Notes on ‘The Many’, and the uses of Your Party

Reading ‘The Many’ CEC slate’s vision for Your Party, published in Tribune recently, a fundamental question comes to mind. If they want a party that ‘appeals broadly enough to challenge for power’, then why not just join the Green Party after all?

The Greens are already best placed to facilitate a media-friendly, personality-led left populism that has socialist tendencies but isn’t in itself socialist. They’re already consolidating the membership and voting intentions of the post-Labour soft left. So as it stands, there’s little to distinguish this version of Your Party, in politics or strategy, from the existing, and already reasonably successful, leftward shift we’re seeing under Zack Polanski.

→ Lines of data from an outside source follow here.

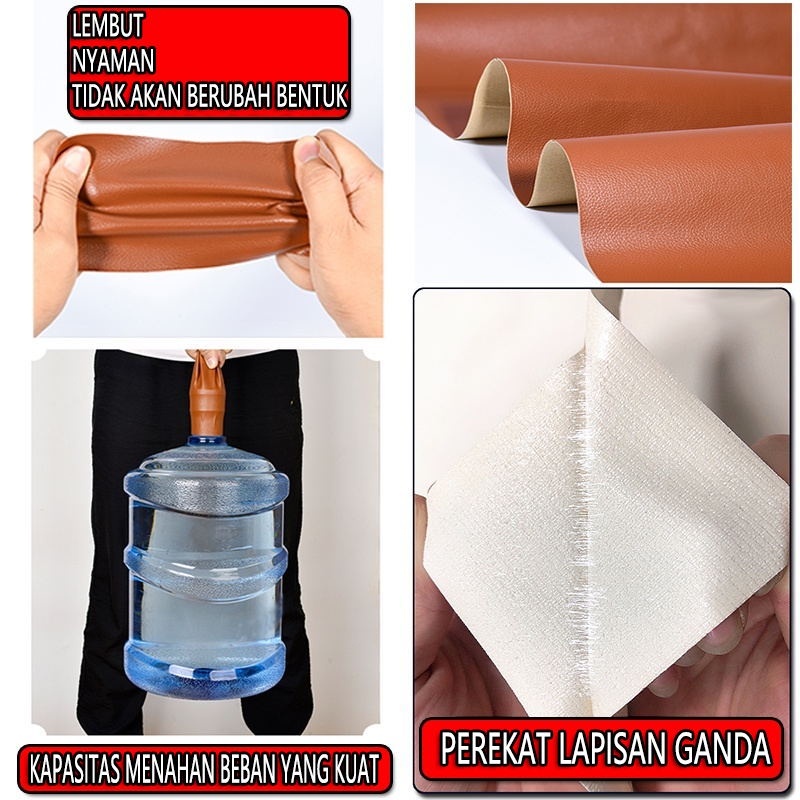 JKLP Istimewasticker kulit jeruk Restorasi Kulit sticker kulit sintetis penambal sofa kulit
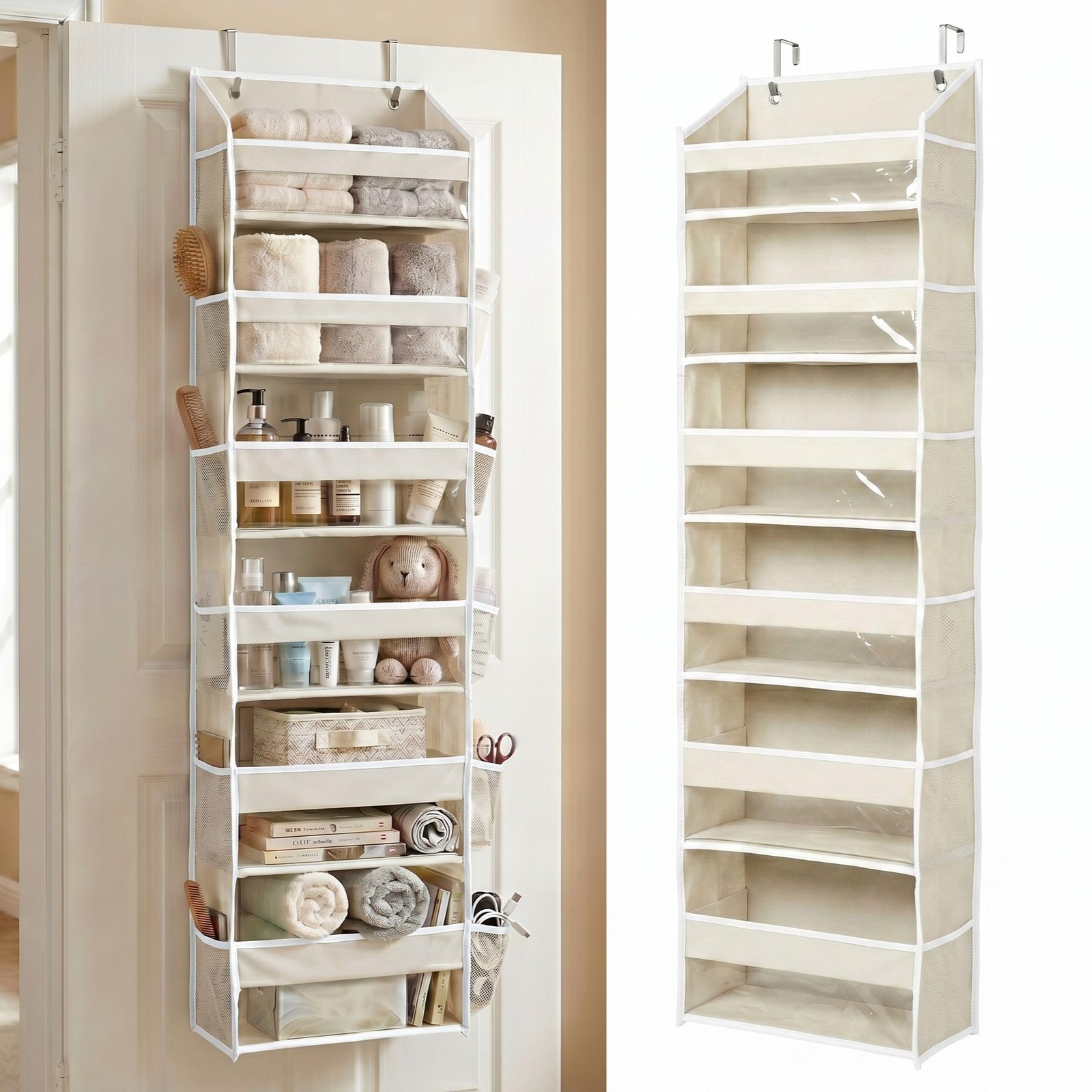 HOMELUX THEORY UPGRADED 6 Tiers Over The Door Standard 1 set, 1. Ivory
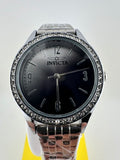 70454 - Invicta Celestial  Lady 30mm Silver Tone Case Black+White Metal Dial Silver Band SD-006 Quartz #2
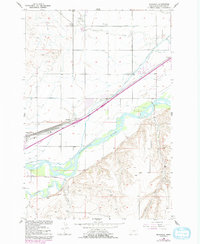 Mossmain 1956 topographic map thumbnail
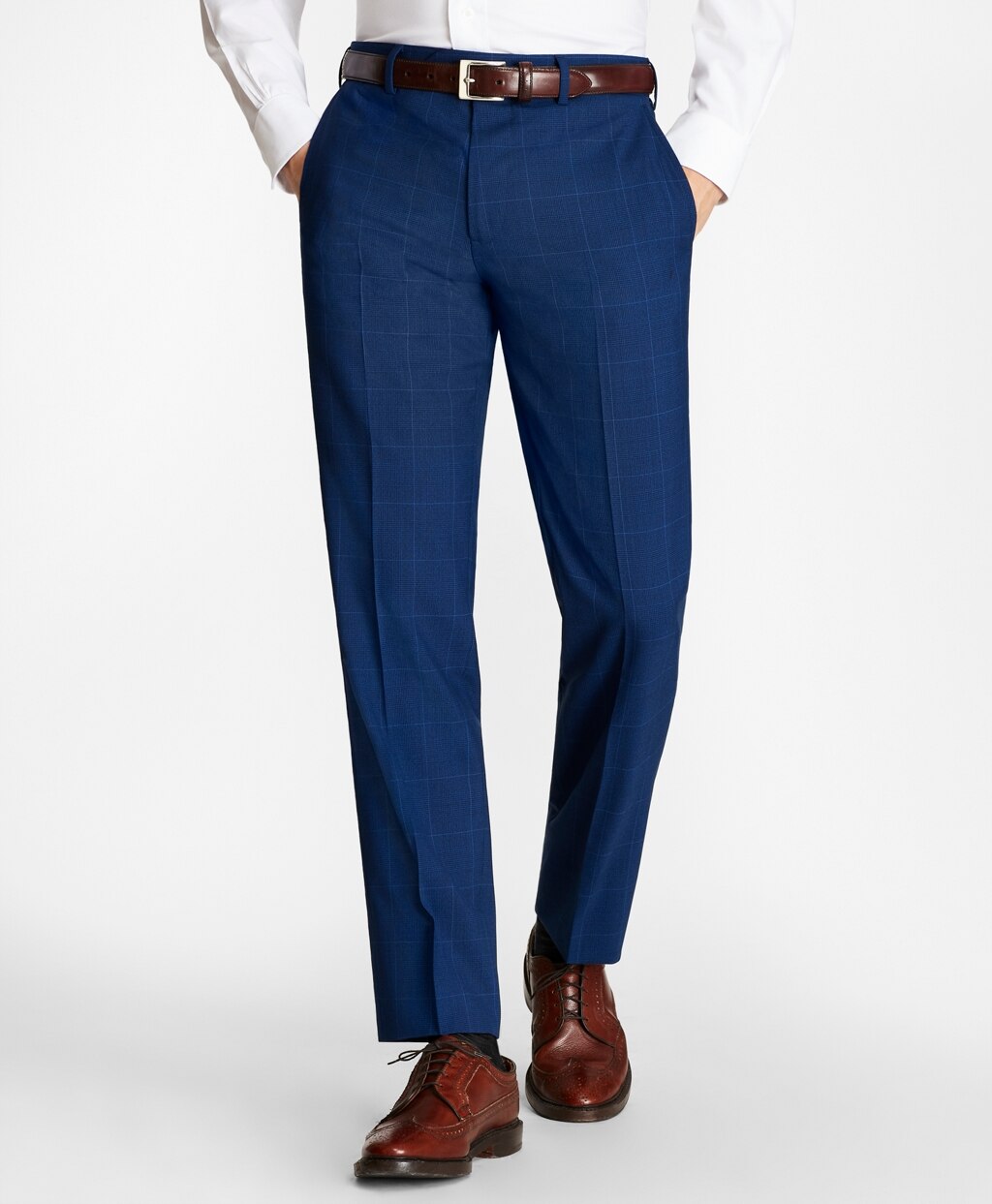 Regent Fit Plaid 1818 Suit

If there’s nothing distinct about the ideas of ‘The Many’, the slate can instead be defined against the more cogent alternatives that are vying for power within Your Party, namely the DSYP-endorsed Grassroots Left – a slate that more closely aligns with the democratic will of rank-and-file members as expressed at November’s founding conference. This may explain the myriad bad-faith claims in the Tribune piece (and elsewhere) aimed implicitly at the Grassroots Left and anyone who might be minded to back its candidates.

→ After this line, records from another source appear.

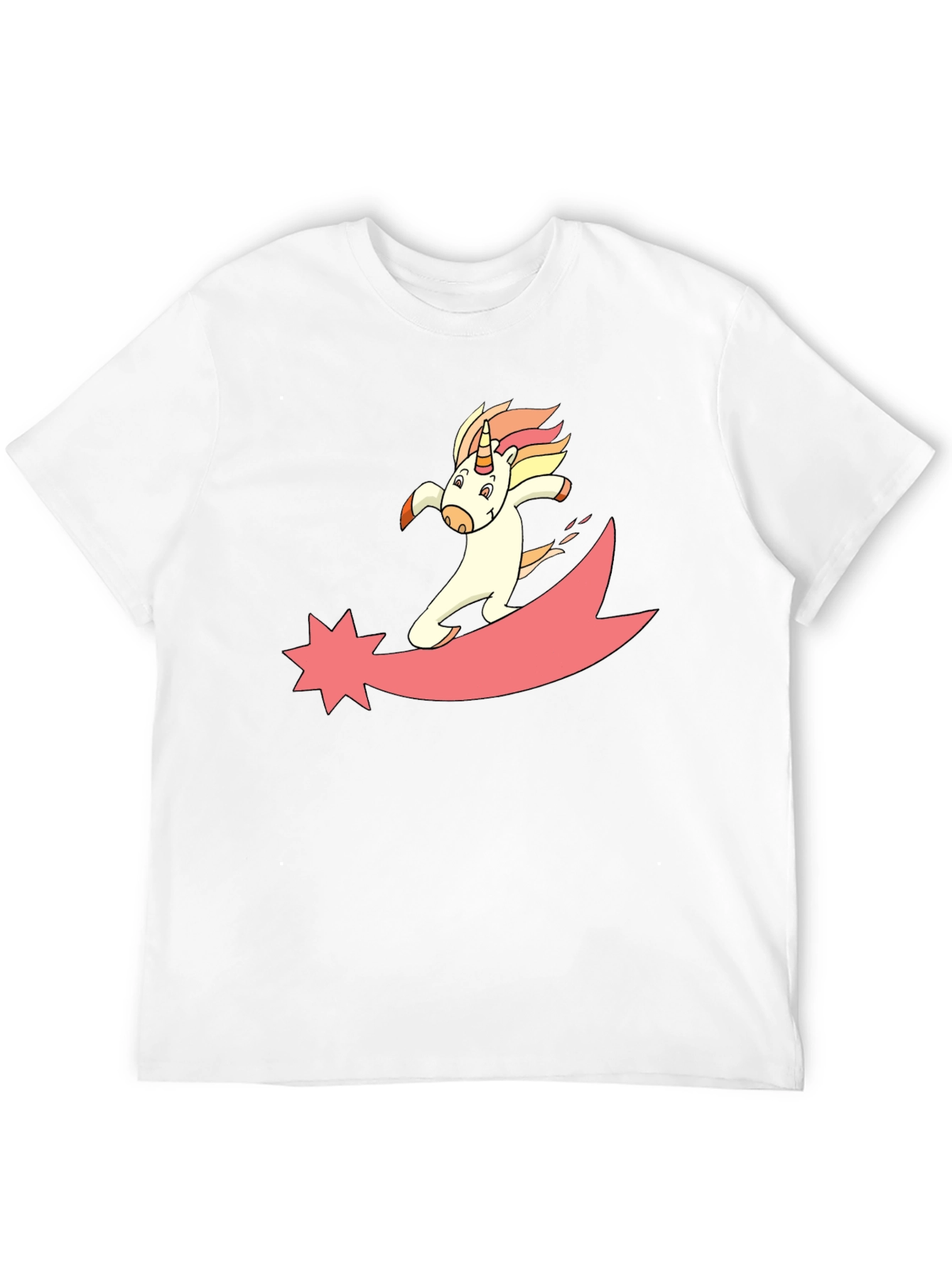 Unicorn Comet Black T-Shirt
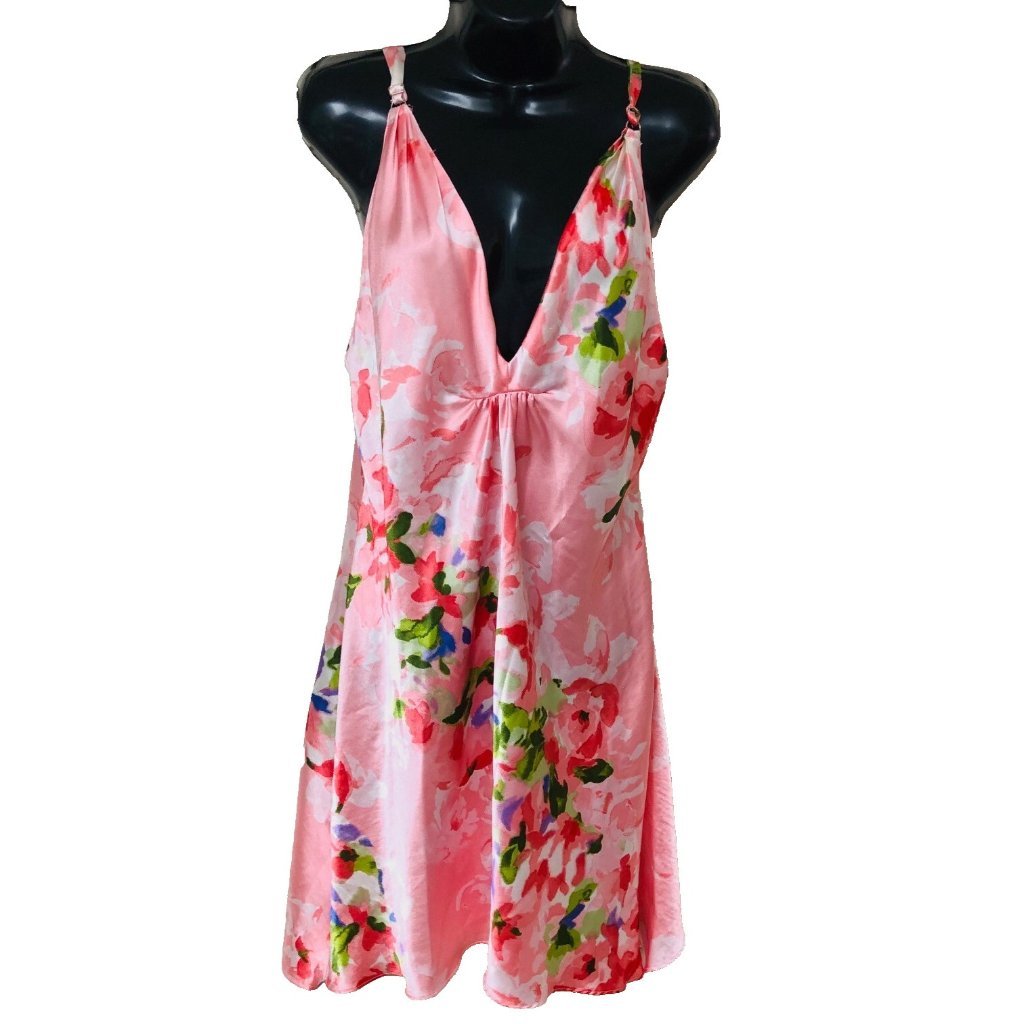 Oscar De La Renta Halter Slip Dress Women S 40 Bust Romantic Baby Doll Fairy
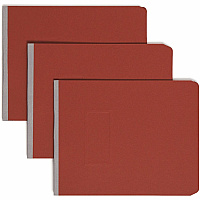 Smead Recycled Report Cover 2" Folder Capacity - 8 1/2" x 11" - 2" Expansion - 1 Fastener(s) - 25 pt. - Pressboard - Red - Metal Compressor, Hinged - 100% Paper Recycled - 1 Each (81725)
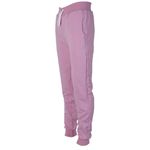 Calça Moletom Plus Size Skinny Jogger Rosa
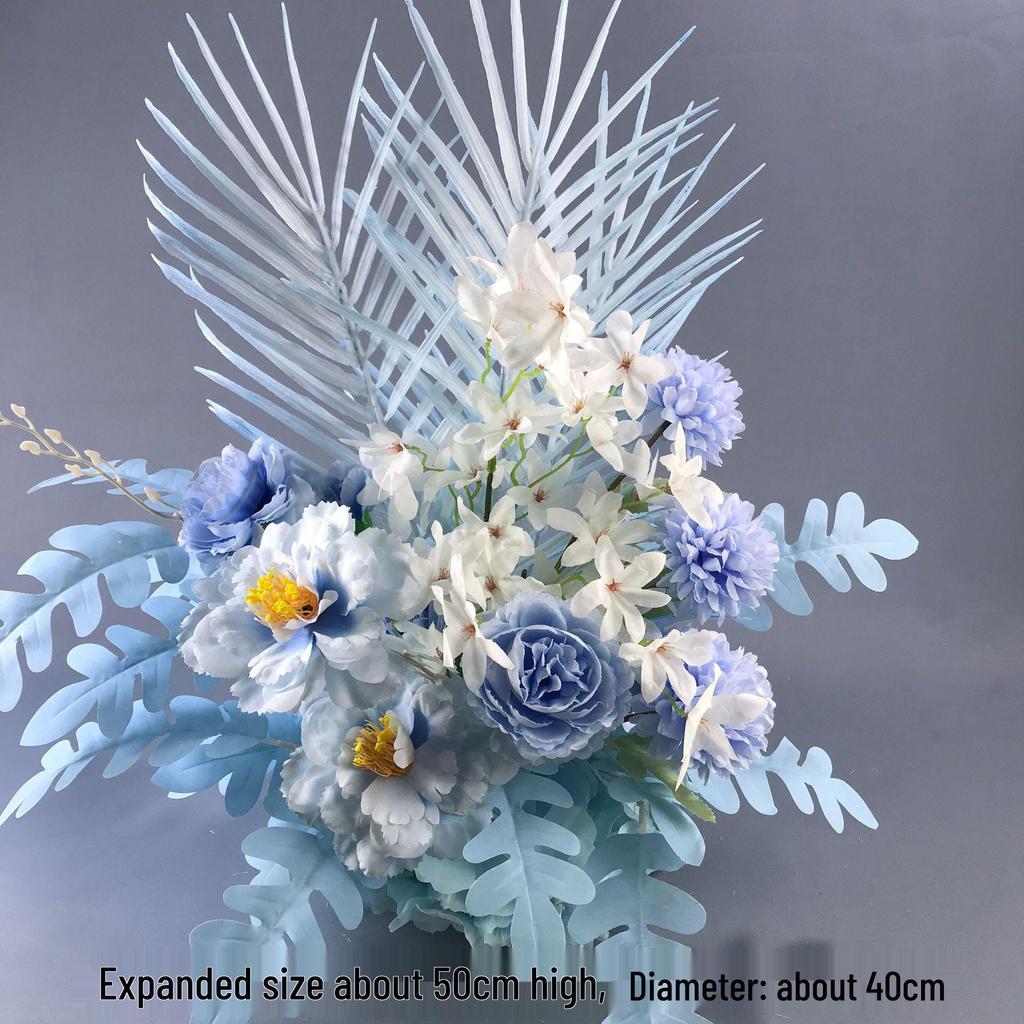 Seidenblumen-Gangdekorationen für Hochzeiten und Verlobungen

What’s unfairly described as ‘internal wrangling’, members ‘sooner [fighting] allies than our real enemies’, or being ‘more animated by internal processes than ordinary people’s problems’ is simply a healthy democratic culture, to be especially expected in a nascent party as ideas, positions and governance are hashed out for the first time. The idea that what’s cynically called ‘infighting and navel-gazing’ is preventing the party from ‘[fighting] tooth and nail for a more just and equal society’, rather than robustly, democratically enabling it, is thoroughly disingenuous. As the Tribune-published response from Grassroots Left supporters notes:

‘To be concerned with internal processes is a necessary part of establishing a party that can unite hundreds of thousands, and millions, of people. A party that aims to unite the initial hundreds of thousands needs trust, clarity, and transparent processes. Without them, rumour and anonymous press briefings replace accountability. With them, argument becomes productive: the way members test strategy, develop policy, resolve differences, and build unity.’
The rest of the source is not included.